Du haut de sa tradition millénaire, le parlement britannique peut se rassurer sur son influence: il a réussi à forcer non seulement le Royaume-Uni mais aussi les Etats-Unis et la France à repousser les frappes aériennes en Syrie – à moins que ces deux derniers pays ne veuillent agir sans leur allié britannique. Alors que le premier ministre, David Cameron, avait convoqué d’urgence le parlement jeudi, il a dû se rendre à l’évidence mercredi soir: il risquait de perdre le vote autorisant des frappes militaires. L’opposition travailliste, mais aussi une large partie des députés conservateurs et libéraux-démocrates, menaçait de s’y opposer et de lui infliger une défaite humiliante.

Légalement, le chef du gouvernement britannique aurait pu passer outre. Politiquement, cela aurait été du suicide. Il a donc capitulé, réorganisant dans l’urgence son plan de bataille. La motion discutée hier à la Chambre des communes ne devait finalement être qu’une première étape, autorisant le principe de l’usage de la force. Ensuite, les députés seront rappelés la semaine prochaine, après le rapport des inspecteurs d’armement des Nations unies qui travaillent actuellement à Damas. C’est ce deuxième vote qui donnera – ou non – le feu vert explicite à une frappe militaire.

Dans ces conditions, le débat, qui promettait d’être houleux à la Chambre des communes, s’est déroulé dans un certain calme. Mais David Cameron a pu y mesurer l’ampleur de la réticence des parlementaires. Des voix de tous les partis se sont élevées pour exprimer leurs craintes. James Arbuthnot, conservateur: «Mes électeurs détesteraient nous voir impliqués dans ce conflit.» Tessa Jowell, travailliste: «Qu’est-ce qu’on pourra répondre aux Russes et aux Chinois s’ils attaquent un autre pays?» Jack Straw, travailliste et ministre des Affaires étrangères au moment de la guerre en Irak: «Les frappes aériennes ne réduiront pas la capacité militaire d’Assad. Et que se passera-t-il après?»

Le fantôme de l’Irak, qui a plané toute la journée au-dessus de la Chambre des communes, explique très largement ces hésitations. Les députés, et le premier ministre lui-même, y ont fait constamment référence, entendant en tirer les leçons. L’intervention dans le débat public de l’ancien premier ministre Tony Blair, qui a publié une tribune en faveur d’une intervention en Syrie, a accentué encore la présence de ce spectre. Les Britanniques, encore hantés par cette guerre, s’opposent très largement à une intervention militaire: 50% sont contre des frappes aériennes, et seulement 25% en faveur.
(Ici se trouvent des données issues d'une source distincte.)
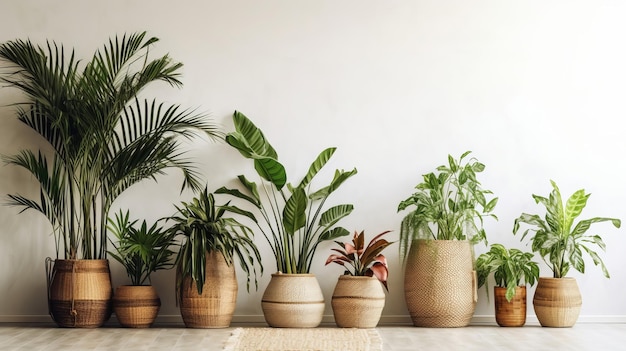 Unmistakable tropical plants in wicker pots close white divider at family Creative resource AI Generated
David Cameron a donc tenté de rassurer. «Nous n’avons pas encore pris de décision», a-t-il assuré devant les parlementaires. Selon lui, la situation n’a rien à voir avec l’Irak: il n’est pas question d’invasion terrestre, ni même de prendre part à la guerre civile syrienne, ou de forcer un changement de régime. Les potentielles frappes aériennes se veulent simplement une sanction contre l’utilisation des armes chimiques. Le premier ministre va même plus loin, précisant qu’une intervention militaire ne chercherait pas à détruire l’armement chimique de Bachar el-Assad, ce qui serait une tâche «énorme». «L’objectif est de dissuader l’utilisation future de ses armes chimiques, en frappant leur commandement et leur contrôle.» Cherchant à afficher une certaine transparence, il a rendu publiques les conclusions des services de renseignement britanniques concernant l’attaque ­chimique du 21 août à Damas. Celles-ci affirment que le régime ­d’Assad est bien derrière l’attaque. Mais David Cameron reconnaît: «Il n’y a pas 100% de certitude de qui est responsable. […] C’est un jugement» (lire ci-dessous).

Raison de plus, répond l’opposition travailliste, pour attendre le rapport des inspecteurs de l’ONU. Attaquer avant de connaître leurs conclusions donnerait l’impression que le processus diplomatique des Nations unies n’est pas respecté.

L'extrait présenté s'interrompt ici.